São Paulo.- En septiembre, la inflación de Brasil, el gigante económico de América Latina, alcanzó un 4,42 % interanual, un incremento de 0,18 puntos comparado con agosto, debido principalmente al aumento en el costo de electricidad y alimentos por efecto de la sequía, según reportó el Gobierno este miércoles.
El Índice Nacional de Precios al Consumidor Amplio (IPCA) observó una subida del 0,44 % en septiembre, marcando un cambio respecto al decrecimiento de 0,02 % registrado en agosto, el cual fue el primer resultado negativo desde junio de 2023, de acuerdo a lo informado por el Instituto Brasileño de Geografía y Estadística (IBGE).
La principal causa de esta inflación fue el incremento del 5,36 % en las tarifas eléctricas residenciales en septiembre, producto de una severa sequía que afecta a más de la mitad del territorio nacional, llevando a una notable reducción en el nivel de los embalses.
Asimismo, el precio de los alimentos experimentó un aumento del 0,5 %, después de dos meses de descensos consecutivos, afectado por la subida en el precio de la carne bovina y de algunas frutas como la naranja, el limón y la papaya.
«La severa sequía y las condiciones de clima seco han propiciado una reducción en la disponibilidad de productos», detalló el IBGE.
Las proyecciones del mercado financiero estiman que la inflación en Brasil concluirá el año en un 4,38 %, situándose por debajo del límite superior de su meta, establecido en 4,50 %.
En un movimiento anticipatorio frente al incremento de precios en septiembre, el Banco Central de Brasil optó por iniciar el mes pasado un proceso “gradual” de incremento en la tasa de interés.
Con ello, elevó las tasas de interés por primera vez desde agosto de 2022, aplicando un ajuste de 0,25 % para establecerlas en un 10,75 % anual, influenciado en parte por la incertidumbre fiscal y el incremento en el gasto público promovido por el Gobierno de Brasil.

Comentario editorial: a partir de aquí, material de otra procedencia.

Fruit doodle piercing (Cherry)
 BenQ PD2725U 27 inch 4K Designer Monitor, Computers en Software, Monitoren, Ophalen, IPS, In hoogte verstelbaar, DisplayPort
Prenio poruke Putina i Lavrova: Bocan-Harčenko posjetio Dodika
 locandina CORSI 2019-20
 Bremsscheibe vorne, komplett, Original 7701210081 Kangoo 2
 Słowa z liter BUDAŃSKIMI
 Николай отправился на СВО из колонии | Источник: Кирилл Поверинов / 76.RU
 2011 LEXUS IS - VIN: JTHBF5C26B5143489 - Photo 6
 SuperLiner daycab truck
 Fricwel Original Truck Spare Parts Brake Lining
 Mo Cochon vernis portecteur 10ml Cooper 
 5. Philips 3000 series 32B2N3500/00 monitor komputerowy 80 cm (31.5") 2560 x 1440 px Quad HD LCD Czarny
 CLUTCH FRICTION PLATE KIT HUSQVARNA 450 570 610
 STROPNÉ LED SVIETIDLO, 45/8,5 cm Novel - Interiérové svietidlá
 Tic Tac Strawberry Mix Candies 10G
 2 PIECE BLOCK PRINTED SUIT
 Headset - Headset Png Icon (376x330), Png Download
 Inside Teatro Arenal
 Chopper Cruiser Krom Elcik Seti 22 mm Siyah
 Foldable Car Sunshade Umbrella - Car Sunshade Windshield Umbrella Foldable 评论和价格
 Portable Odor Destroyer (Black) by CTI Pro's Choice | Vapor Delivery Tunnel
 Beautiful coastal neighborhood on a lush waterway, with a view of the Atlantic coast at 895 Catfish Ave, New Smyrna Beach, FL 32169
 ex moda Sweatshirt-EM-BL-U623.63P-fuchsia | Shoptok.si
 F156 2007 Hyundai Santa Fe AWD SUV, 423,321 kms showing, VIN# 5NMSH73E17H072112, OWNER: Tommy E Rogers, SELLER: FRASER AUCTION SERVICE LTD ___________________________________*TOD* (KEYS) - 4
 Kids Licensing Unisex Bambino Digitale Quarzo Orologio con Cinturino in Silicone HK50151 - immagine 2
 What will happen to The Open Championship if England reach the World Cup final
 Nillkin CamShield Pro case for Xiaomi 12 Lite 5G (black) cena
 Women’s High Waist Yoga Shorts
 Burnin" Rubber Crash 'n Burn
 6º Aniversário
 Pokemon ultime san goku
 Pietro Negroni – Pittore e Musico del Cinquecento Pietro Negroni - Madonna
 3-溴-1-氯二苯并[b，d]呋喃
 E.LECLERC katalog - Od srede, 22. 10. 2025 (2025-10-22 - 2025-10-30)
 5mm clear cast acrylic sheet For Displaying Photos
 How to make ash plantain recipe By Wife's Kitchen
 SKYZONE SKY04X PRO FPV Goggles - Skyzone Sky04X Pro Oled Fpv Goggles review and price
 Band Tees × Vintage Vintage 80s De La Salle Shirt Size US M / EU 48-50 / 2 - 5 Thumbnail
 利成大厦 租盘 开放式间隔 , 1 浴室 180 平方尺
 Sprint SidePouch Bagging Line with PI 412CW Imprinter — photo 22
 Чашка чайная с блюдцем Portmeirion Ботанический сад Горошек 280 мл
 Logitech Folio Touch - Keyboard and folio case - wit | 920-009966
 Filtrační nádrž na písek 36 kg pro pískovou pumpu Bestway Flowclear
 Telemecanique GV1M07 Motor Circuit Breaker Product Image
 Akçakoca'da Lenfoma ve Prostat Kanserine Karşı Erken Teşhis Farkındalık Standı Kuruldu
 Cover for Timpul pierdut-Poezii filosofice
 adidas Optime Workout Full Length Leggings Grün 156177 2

A pesar de ello, el presidente brasileño, Luiz Inácio Lula da Silva, el martes pasado destacó positivamente su gestión económica, afirmando que «hoy, Brasil es uno de los pocos países con estabilidad económica», y prevé un crecimiento del «3,5 %» para este año, según sus cálculos.
«Estoy muy satisfecho porque la economía muestra un comportamiento razonable, la tasa de interés sigue siendo alta pero se espera que disminuya, estamos manteniendo controlada la inflación y tanto el empleo como la masa salarial están en aumento», señaló el mandatario durante un evento en Brasilia.